夏磊坐在靠窗的卡座裡,對面坐著周言。這周言,剃著個青皮頭,脖子上勒著一條金鍊子,粗得像拴老黃牛的。他不停地抖著腿,腳後跟敲著水磨石地面,發出「篤,篤,篤」的聲音,像是某種倒計時的節拍,又像是敲在夏磊心上。夏磊自己,穿著一件熨得筆挺的亞麻襯衫,可那後背,不知什麼時候已經被汗水浸濕了一大塊,像地圖一樣,顏色由淺變深,擴散開來。
他們倆沒吵。至少,表面上是這樣。聲音壓得很低,像是兩隻在耳邊嗡嗡作響的蚊子,卻比扯著嗓子罵街更讓人心煩。夏磊的手指在光滑的桌面上劃拉著,一遍又一遍,像是想在上面摳出點什麼來,又像是無意識地磨蹭著什麼。周言的手則揣在褲兜裡,但夏磊能看到他褲子口袋那塊布料,在不停地抽搐、鼓動,彷彿裡面藏著什麼不肯安分的東西。
服務員端上來的咖啡,小姑娘手有點抖,灑出來一圈,碟子邊緣黏糊糊的。她大概也感覺到了店裡的氣氛不對勁,安靜得過分,除了製冰機後面那低沉的轟鳴,就是他們倆之間那種越來越濃稠、像膠水一樣的沉默。
「……你到底什麼意思?」夏磊終於開口了,聲音不大,但帶著一股子尖銳,像是指甲劃過毛玻璃的刺耳。
周言沒立刻回答。他從褲兜裡掏出一個手機,重重地「啪」一聲,屏幕朝下拍在桌面上。那聲音脆得嚇人,店裡零星的幾個客人,像是被驚到的老鼠,猛地抬頭,又迅速低下腦袋,假裝什麼都沒發生。
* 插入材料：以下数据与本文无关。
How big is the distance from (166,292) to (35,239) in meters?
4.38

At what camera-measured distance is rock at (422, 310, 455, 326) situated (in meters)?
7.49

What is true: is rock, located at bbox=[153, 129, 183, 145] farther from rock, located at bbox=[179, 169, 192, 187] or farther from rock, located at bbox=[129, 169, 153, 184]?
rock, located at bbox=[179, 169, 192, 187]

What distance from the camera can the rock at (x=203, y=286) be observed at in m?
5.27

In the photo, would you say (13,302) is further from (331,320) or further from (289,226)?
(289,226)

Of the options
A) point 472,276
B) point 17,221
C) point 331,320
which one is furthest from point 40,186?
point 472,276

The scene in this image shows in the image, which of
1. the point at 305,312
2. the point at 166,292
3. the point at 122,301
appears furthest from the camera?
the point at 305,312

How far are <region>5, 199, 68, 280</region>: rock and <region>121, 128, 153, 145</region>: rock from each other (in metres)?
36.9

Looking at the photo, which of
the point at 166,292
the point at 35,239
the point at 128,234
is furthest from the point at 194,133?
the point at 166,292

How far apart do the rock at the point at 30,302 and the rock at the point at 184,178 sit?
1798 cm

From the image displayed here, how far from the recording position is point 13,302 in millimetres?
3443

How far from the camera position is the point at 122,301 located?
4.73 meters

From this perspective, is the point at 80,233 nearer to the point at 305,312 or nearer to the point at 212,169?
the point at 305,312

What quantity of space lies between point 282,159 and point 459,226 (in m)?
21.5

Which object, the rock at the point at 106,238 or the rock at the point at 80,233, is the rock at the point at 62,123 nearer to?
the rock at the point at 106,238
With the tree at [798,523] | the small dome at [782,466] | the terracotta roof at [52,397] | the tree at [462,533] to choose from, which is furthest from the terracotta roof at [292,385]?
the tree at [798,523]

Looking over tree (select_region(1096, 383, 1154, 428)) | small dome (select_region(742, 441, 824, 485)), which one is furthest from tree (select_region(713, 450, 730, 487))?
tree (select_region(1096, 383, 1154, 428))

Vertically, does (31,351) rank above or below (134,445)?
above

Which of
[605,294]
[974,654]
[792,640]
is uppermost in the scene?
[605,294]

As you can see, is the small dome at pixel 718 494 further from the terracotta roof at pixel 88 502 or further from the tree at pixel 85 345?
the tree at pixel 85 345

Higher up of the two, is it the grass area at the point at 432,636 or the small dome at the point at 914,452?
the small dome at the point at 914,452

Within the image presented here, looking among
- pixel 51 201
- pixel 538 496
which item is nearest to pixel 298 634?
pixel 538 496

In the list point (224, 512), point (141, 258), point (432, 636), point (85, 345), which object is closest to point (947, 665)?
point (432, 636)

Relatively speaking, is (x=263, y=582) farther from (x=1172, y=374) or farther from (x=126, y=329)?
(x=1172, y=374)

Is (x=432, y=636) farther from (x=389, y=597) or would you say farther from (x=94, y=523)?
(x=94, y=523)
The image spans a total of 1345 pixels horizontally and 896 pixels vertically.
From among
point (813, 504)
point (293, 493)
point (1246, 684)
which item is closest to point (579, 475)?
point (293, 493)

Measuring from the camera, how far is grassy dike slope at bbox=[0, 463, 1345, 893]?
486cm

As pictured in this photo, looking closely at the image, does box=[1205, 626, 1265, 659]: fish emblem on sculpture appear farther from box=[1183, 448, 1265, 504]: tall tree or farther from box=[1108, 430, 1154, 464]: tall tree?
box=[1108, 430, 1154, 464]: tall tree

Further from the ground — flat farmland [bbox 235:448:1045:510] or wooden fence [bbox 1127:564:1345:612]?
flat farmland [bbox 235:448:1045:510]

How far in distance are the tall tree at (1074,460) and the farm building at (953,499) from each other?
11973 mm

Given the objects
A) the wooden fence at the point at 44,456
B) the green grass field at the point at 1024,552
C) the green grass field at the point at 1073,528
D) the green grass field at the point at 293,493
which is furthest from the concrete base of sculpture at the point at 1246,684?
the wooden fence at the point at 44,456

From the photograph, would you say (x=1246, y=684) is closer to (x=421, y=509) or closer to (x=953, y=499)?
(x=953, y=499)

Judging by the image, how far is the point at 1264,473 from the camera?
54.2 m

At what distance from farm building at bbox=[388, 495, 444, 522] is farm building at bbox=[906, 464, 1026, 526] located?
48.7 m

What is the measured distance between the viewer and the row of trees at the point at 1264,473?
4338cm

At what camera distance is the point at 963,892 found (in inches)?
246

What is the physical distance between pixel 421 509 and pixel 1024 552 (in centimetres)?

「我什麼意思?」周言笑了,那笑聲聽著像是喉嚨裡卡了痰,又乾又澀,「我他媽還要問你什麼意思。夏磊,做人不能這麼不講究吧?」
夏磊皺了皺眉,汗濕的後背又滲出點涼意。「我怎麼就不講究了?賬不是都給你看了嗎?七十萬粉絲,哪個不是我一個個視頻餵出來的?你動動嘴皮子,躺著分錢,還想怎麼樣?」
「餵?」周言又笑了,這次是從鼻子里哼出來的,「你管那叫餵?你那是偷!你偷了我的創意,偷了我的流量,現在還想把我的心血據為己有?」他的聲音不大,但字字句句都像砸在夏磊心頭的石子。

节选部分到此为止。